What to produce = Could you repeat the records below exactly, without the pictures?

Data to use START

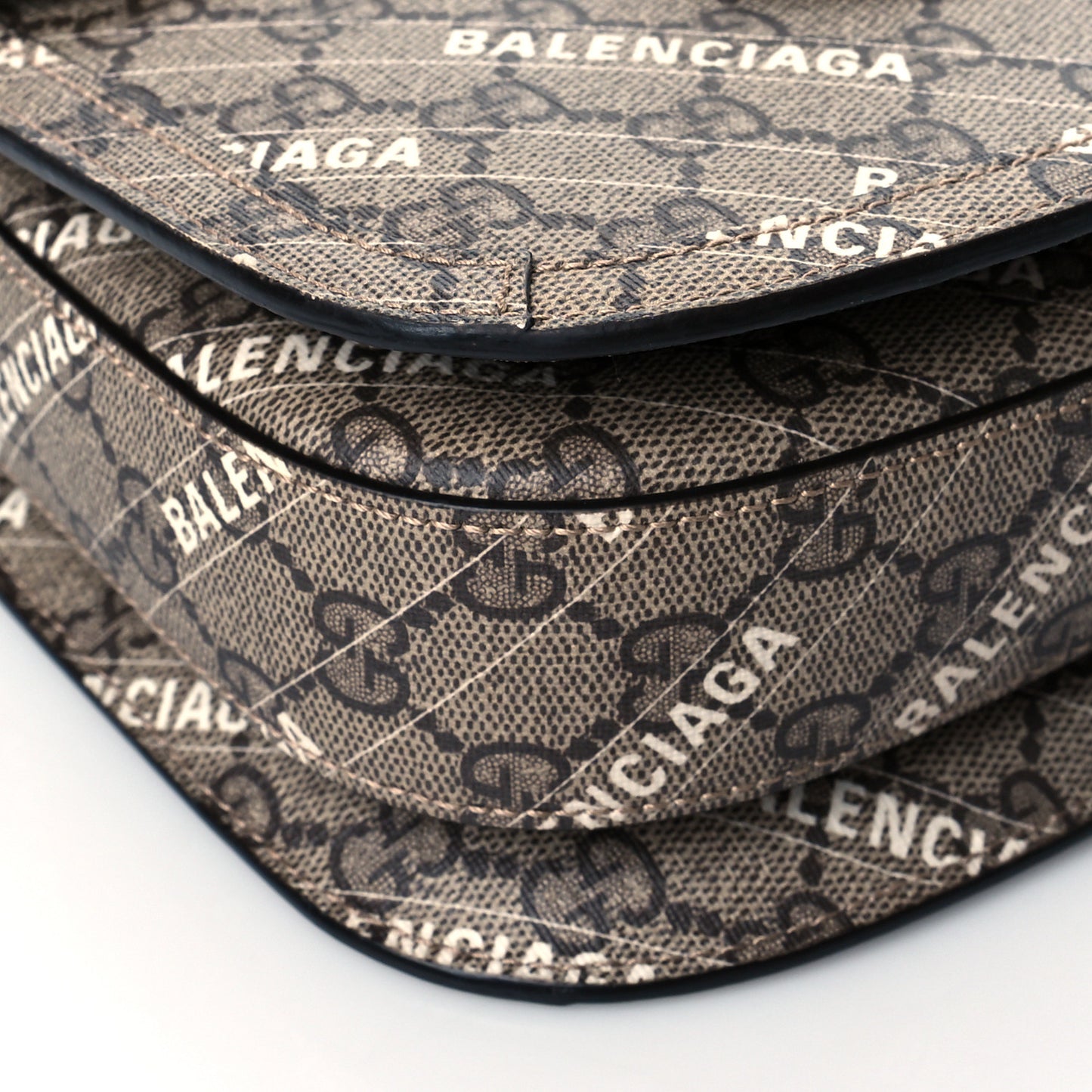X BALENCIAGA GG Supreme Monogram Logo Print Horsebit 1955 Shoulder Bag Beige Ebony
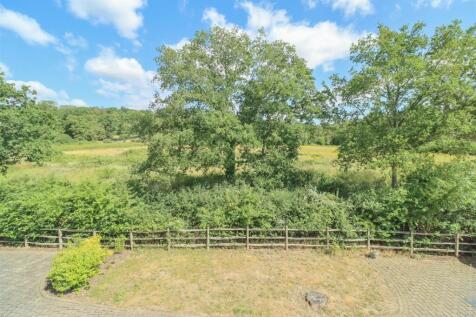 6 GORSE WOOD VIEW NEW FRONT-4.jpg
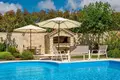 Hotel 360 m² Omisalj, Kroatien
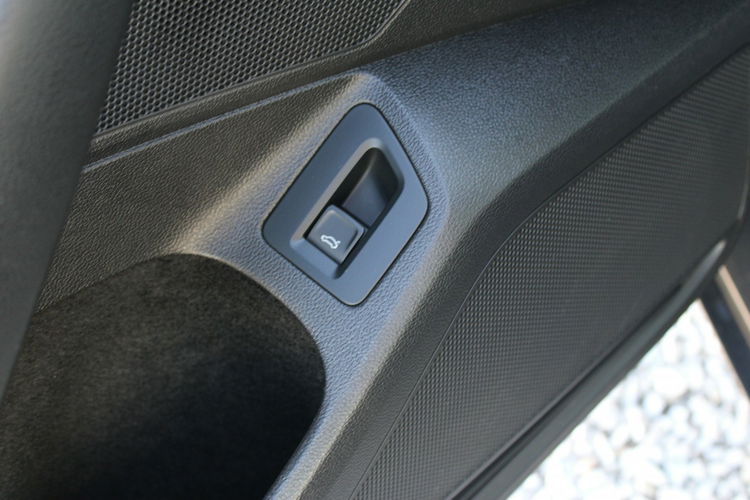 Volkswagen Passat ESSENCE LED F-vat Salon Polska Gwarancja zdjęcie 13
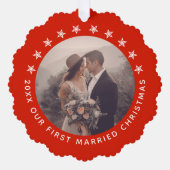 最初の結婚したクリスマスエレガントレッドあなたの写真を追加 オーナメントカード (正面)
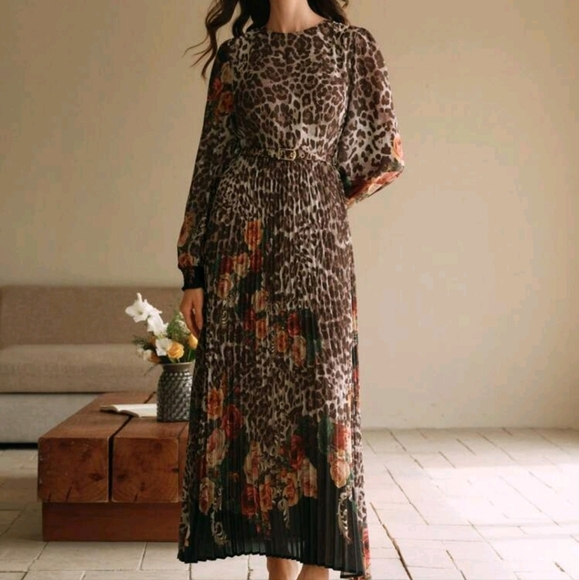 Elegant Modern Women's Floral & Leopard Print Pleated Lantern Sleeve Dress - Picture 5 of 5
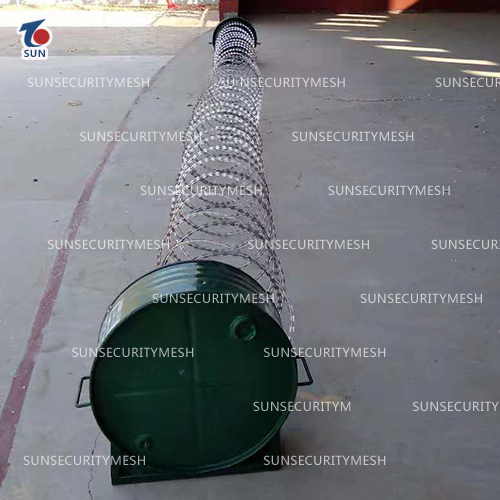 Мобильный барьер безопасности из колючей проволоки5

Data to use END

Solution for this exercise =
X BALENCIAGA GG Supreme Monogram Logo Print Horsebit 1955 Shoulder Bag Beige Ebony
 6 GORSE WOOD VIEW NEW FRONT-4.jpg
 Hotel 360 m² Omisalj, Kroatien
 Volkswagen Passat ESSENCE LED F-vat Salon Polska Gwarancja zdjęcie 13
 最初の結婚したクリスマスエレガントレッドあなたの写真を追加 オーナメントカード (正面)
 Elegant Modern Women's Floral & Leopard Print Pleated Lantern Sleeve Dress - Picture 5 of 5
 Мобильный барьер безопасности из колючей проволоки5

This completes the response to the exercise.